Hong Kong anti-government protesters are increasingly focusing their anger on mainland Chinese businesses and those with pro-Beijing links, daubing graffiti on store fronts and vandalising outlets in the heart of the financial centre.
Protesters took aim at some of China's largest banks at the weekend, spray-painting anti-China slogans on shuttered branches and trashing ATM machines of outlets such as Bank of China, while nearby international counterparts such as Standard Chartered escaped untouched.
Another target was shops operated by Maxim's Caterers, including American coffee chain Starbucks Corp, after the daughter of the Hong Kong company's founder condemned the protesters at the United Nations human rights council in Geneva.
Demonstrators scrawled anti-China graffiti on several Starbucks outlets, including in the bustling tourist and business districts of Causeway Bay and Admiralty.

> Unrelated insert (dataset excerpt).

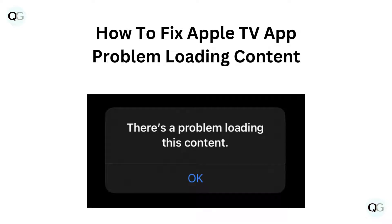Hello and welcome back to our YouTube channel. In this video we will guide you through how to fix Apple TV app problem loading content.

Companies across Hong Kong, the Asian base for many global businesses, are walking a tightrope between the protesters and China's Communist Party rulers in Beijing.
Cathay Pacific Airways became the biggest corporate casualty when China demanded in August that it suspend staff involved in the protest movement that has plunged Hong Kong into its biggest political crisis in decades.
At least 20 pilots and cabin crew have since been fired, the Hong Kong Confederation of Trade Unions has said.